2. Reidentifying public eviction data
A provision of the new law bars the sale of eviction data to private firms, formerly known as the “tenant blacklist.”
But nothing prevents firms from using public eviction data, which is anonymized. The workaround? It may be computationally trivial to de-anonymize eviction data, especially in small buildings.
Some data privacy practices depend on “k-anonymity,” whereby, in order to protect the identities of people in sensitive datasets, a (hopefully high) number of records cannot be disambiguated. So, even if your name is left off a dataset, there are enough people in your zipcode with a dog named Max who voted for Dennis Kucinich and are Amazon Prime members to throw identity thieves off.
But that principle has its limitations, which were laid bare in 1997 after a Massachusetts governor’s hospitalization was discovered when researchers published an anonymized insurance dataset. Gov. William Weld’s identity was discovered by combining their dataset with publicly available voter registration and demographic data. In New York City, tenant advocates say landlords may be planning to pull off the same sort of feat with publicly available eviction data.
3. Upping other requirements to get around the “tenant blacklist”
Instead of denying an application based on a prior eviction, some landlords are simply upping the other requirements in order to tick a different box. New Jersey-based landlord Daniel Stein, who just bought a Rochester multifamily complex, called the new rules around eviction data “absolutely ridiculous.”
“But there are ways to get around it,” Stein said. “We have very strict income and credit requirements.

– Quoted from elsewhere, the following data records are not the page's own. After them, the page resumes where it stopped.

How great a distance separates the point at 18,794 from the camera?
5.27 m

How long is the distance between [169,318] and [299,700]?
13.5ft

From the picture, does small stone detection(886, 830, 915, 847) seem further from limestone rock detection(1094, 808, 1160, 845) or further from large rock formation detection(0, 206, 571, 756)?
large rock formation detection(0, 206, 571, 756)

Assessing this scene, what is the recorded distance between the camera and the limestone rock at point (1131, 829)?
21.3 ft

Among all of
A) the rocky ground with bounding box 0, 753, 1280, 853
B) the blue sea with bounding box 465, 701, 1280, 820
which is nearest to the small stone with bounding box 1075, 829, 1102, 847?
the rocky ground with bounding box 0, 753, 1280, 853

When looking at a tenant’s application, if they’ve been evicted two to three times in the last year, as long as they’re not meeting the other requirements, we can get rid of them that way.”

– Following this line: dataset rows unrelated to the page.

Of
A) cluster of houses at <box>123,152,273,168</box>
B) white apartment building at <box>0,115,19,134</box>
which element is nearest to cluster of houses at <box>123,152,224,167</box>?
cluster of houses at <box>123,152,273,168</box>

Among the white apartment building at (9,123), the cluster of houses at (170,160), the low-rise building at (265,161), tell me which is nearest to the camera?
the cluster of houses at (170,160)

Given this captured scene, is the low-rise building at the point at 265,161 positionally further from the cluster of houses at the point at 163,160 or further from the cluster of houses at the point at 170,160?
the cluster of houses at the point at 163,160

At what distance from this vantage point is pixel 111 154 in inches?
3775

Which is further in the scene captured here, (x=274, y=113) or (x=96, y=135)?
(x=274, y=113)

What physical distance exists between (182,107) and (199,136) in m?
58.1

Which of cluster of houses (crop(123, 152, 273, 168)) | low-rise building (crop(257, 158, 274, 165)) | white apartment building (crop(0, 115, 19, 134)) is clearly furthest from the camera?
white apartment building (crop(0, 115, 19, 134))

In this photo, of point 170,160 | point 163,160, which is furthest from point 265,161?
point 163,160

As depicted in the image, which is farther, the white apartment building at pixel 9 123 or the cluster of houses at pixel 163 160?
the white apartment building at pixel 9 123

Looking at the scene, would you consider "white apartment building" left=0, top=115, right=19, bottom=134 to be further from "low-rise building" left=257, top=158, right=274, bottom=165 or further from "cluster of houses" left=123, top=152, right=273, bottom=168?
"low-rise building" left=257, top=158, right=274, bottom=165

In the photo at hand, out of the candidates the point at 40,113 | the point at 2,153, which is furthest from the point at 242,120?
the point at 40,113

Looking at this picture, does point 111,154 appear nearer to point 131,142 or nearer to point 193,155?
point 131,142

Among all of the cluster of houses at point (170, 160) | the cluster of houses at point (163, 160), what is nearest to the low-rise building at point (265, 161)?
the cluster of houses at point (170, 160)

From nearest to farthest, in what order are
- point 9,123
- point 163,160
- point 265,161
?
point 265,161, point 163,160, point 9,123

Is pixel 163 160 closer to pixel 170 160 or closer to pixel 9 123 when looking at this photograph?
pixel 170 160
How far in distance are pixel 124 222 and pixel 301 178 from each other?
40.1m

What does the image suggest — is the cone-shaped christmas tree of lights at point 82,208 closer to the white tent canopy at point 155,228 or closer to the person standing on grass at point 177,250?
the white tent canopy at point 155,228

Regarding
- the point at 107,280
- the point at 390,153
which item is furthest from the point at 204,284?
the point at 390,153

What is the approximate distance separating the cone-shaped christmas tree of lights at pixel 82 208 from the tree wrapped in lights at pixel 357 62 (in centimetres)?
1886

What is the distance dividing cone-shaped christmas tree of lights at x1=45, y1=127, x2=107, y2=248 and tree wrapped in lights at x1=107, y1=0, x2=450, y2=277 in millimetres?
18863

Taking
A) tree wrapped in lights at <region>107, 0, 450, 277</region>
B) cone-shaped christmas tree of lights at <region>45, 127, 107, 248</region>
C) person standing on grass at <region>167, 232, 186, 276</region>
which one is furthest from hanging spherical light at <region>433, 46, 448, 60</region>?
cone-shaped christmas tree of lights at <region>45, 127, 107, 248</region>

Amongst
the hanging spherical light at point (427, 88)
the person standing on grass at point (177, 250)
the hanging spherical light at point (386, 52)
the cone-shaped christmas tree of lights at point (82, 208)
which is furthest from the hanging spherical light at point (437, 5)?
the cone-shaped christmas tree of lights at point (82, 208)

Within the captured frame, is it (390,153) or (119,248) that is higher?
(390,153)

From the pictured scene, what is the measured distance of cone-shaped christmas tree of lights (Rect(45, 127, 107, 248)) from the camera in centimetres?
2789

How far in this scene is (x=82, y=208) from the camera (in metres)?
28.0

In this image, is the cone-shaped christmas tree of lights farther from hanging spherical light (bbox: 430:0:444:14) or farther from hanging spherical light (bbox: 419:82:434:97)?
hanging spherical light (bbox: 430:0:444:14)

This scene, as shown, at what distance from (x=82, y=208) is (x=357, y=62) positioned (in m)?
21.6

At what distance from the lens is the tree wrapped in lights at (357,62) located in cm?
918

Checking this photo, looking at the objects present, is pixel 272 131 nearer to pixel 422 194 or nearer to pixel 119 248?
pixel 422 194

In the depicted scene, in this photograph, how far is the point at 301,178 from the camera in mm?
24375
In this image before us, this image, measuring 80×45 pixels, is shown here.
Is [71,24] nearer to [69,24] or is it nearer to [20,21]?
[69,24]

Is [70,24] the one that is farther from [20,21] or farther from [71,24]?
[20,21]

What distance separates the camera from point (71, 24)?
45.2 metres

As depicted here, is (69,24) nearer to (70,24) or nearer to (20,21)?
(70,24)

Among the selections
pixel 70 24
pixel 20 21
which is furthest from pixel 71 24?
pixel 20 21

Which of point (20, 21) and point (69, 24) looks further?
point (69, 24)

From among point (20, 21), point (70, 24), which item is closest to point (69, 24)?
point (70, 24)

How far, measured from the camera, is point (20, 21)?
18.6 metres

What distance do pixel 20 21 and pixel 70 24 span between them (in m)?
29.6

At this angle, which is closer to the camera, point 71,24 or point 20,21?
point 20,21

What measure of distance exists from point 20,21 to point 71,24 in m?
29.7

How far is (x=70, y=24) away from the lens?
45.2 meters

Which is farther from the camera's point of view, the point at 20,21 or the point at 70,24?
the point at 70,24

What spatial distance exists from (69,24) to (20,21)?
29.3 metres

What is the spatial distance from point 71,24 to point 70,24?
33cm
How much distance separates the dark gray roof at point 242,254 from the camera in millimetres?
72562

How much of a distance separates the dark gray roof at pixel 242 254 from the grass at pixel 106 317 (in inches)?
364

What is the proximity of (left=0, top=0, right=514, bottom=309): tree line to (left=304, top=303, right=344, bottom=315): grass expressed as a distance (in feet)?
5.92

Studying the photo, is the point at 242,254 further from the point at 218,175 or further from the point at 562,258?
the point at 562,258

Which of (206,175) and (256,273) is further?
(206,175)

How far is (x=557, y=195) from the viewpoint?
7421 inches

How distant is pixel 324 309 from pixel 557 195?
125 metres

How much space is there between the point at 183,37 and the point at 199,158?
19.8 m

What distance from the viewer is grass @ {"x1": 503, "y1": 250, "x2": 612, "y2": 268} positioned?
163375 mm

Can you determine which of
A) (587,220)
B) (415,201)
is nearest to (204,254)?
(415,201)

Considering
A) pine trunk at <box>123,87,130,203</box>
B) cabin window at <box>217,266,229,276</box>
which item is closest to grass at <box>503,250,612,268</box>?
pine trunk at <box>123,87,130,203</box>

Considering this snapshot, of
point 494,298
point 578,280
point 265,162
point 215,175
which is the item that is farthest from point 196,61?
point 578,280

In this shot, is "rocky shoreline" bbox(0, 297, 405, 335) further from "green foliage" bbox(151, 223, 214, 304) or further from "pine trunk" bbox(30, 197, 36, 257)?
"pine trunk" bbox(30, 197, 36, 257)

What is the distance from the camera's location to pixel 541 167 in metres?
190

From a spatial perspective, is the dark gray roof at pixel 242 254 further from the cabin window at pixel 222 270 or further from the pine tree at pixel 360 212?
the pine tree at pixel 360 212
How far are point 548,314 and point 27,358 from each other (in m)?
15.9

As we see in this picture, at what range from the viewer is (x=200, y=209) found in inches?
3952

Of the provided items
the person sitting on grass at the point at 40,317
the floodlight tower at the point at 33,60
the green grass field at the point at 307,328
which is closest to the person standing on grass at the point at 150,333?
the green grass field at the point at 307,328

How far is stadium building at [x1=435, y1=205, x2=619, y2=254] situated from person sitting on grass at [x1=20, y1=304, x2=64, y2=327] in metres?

4. Collecting application fees
According to the new law, a landlord, lessor, sub-lessor or grantor can only charge up to $20 dollars to conduct a background check — but real estate attorneys say that leaves the door open for brokers and managers.
SSRGA Attorney Jeffrey Schwartz argues that since the law does not specifically mention “managing agents,” they can collect application fees for handling sales and leases of cooperative apartments.

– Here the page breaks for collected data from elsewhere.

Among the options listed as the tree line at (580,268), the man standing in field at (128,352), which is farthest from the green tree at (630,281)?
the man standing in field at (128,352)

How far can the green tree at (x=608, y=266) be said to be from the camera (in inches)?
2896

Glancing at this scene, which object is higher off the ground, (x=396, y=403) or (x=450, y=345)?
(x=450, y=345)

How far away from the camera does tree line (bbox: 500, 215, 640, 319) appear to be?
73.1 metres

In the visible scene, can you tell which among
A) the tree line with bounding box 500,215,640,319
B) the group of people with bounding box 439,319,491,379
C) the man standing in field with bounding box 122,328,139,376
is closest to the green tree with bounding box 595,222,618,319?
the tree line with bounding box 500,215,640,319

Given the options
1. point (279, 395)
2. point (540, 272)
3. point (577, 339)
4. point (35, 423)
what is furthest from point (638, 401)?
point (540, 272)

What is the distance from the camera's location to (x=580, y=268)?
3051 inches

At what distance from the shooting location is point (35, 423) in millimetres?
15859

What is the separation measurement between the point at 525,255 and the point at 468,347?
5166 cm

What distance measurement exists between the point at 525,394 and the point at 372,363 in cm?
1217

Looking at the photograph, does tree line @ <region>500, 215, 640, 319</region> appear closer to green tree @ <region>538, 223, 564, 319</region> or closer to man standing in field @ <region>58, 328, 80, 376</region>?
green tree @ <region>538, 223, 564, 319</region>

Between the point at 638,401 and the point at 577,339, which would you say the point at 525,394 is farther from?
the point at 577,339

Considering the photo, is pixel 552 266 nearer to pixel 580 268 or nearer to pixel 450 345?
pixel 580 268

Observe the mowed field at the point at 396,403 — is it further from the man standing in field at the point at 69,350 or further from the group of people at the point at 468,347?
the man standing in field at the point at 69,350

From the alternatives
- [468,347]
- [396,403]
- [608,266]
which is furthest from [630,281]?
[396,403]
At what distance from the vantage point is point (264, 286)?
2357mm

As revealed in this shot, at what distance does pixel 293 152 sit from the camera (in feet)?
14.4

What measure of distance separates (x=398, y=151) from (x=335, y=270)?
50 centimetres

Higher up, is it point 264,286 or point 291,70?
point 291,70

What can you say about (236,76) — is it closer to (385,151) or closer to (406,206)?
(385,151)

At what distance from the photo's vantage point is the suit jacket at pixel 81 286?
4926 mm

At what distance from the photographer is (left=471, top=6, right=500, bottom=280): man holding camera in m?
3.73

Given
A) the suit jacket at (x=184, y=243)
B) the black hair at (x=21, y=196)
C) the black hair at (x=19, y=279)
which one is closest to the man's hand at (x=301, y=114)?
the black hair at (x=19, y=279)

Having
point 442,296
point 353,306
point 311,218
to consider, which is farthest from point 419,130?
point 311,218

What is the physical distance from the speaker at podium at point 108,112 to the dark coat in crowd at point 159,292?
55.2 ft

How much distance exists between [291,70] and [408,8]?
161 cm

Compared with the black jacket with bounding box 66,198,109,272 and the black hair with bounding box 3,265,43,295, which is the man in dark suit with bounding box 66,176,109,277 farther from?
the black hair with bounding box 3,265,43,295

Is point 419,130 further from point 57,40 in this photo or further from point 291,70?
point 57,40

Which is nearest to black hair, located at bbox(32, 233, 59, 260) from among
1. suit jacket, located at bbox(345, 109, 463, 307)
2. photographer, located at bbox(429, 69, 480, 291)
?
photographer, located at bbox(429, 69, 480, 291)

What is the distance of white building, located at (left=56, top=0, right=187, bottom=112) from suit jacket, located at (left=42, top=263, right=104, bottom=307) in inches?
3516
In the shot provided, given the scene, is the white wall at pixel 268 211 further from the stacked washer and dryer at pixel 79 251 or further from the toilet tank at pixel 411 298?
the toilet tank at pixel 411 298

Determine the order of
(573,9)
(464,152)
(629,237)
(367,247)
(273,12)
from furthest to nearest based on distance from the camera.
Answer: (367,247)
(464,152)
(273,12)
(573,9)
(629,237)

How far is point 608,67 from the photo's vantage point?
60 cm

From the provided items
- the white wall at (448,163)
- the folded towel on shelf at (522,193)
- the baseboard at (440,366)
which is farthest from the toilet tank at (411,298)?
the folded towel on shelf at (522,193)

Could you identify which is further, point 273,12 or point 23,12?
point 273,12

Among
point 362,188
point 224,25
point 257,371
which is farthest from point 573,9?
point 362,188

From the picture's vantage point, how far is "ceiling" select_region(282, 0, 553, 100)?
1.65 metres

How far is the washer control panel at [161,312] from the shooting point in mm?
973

“The [Housing Stability and Tenant Protection Act of 2019] specifies that a coop corporation may not charge an application/processing fee in connection with a new tenancy,” he said in a statement. “But this section of the law does not specifically mention ‘managing agents’ as other sections of the Act do.”
According to The City, Assembly members Linda Rosenthal and Harvey Epstein plan to introduce legislation that would impose hefty fines on landlords and others who act on their behalf if they violate the application fee rules.
5. Closing the door on rent-regulated apartments
With limited means for increasing rents on stabilized apartments, some landlords say they are simply closing vacant apartments and hoping for the rules to change. Last month, the Rent Stabilization Association and the Community Housing Improvement Program filed a lawsuit challenging the constitutionality of the new rent law, alleging that it represented illegal taking of private property and violated due process rights. JLL’s Bob Knakal said some of his clients are prepared to keep apartments closed off for 10 to 15 years to see if the law changes.
“If your last rent from a stabilized tenant was significantly under market, and you get possession of that unit somehow, you are giving, essentially, a life estate to the new tenant,” he said. “So I think the calculus is that, rather than give a life estate to a tenant at a rent well below market, keep the unit vacant and hope that at some point in the not too distant future, either the litigation over the constitutionality of the law prevails or we get some new laws that are more rational and motivate the private sector to invest in the housing stock.”